■ TASK STATEMENT ■
Output the whole listing exactly, except for the pictures in it.

■ INFORMATION SUPPLIED ■
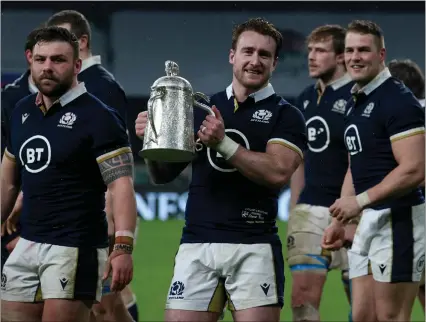  ?? ?? The win over England was one to savour in 2021, but I don’t care too much how well Scotland finish in the next Six Nations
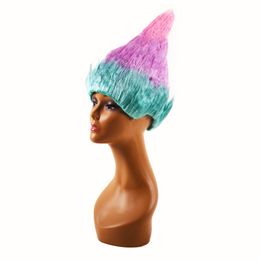 Trolls Poppy Wig For Kids Adult Fashion Flame Wigs Festival Christmas Halloween Troll Section Cosplay Wigs
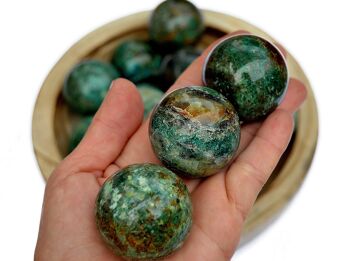 Pierre Sphère Chrysocolle (25mm - 40mm) 9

■ EXERCISE SOLUTION ■
  ?? ?? The win over England was one to savour in 2021, but I don’t care too much how well Scotland finish in the next Six Nations
 Trolls Poppy Wig For Kids Adult Fashion Flame Wigs Festival Christmas Halloween Troll Section Cosplay Wigs
 Pierre Sphère Chrysocolle (25mm - 40mm) 9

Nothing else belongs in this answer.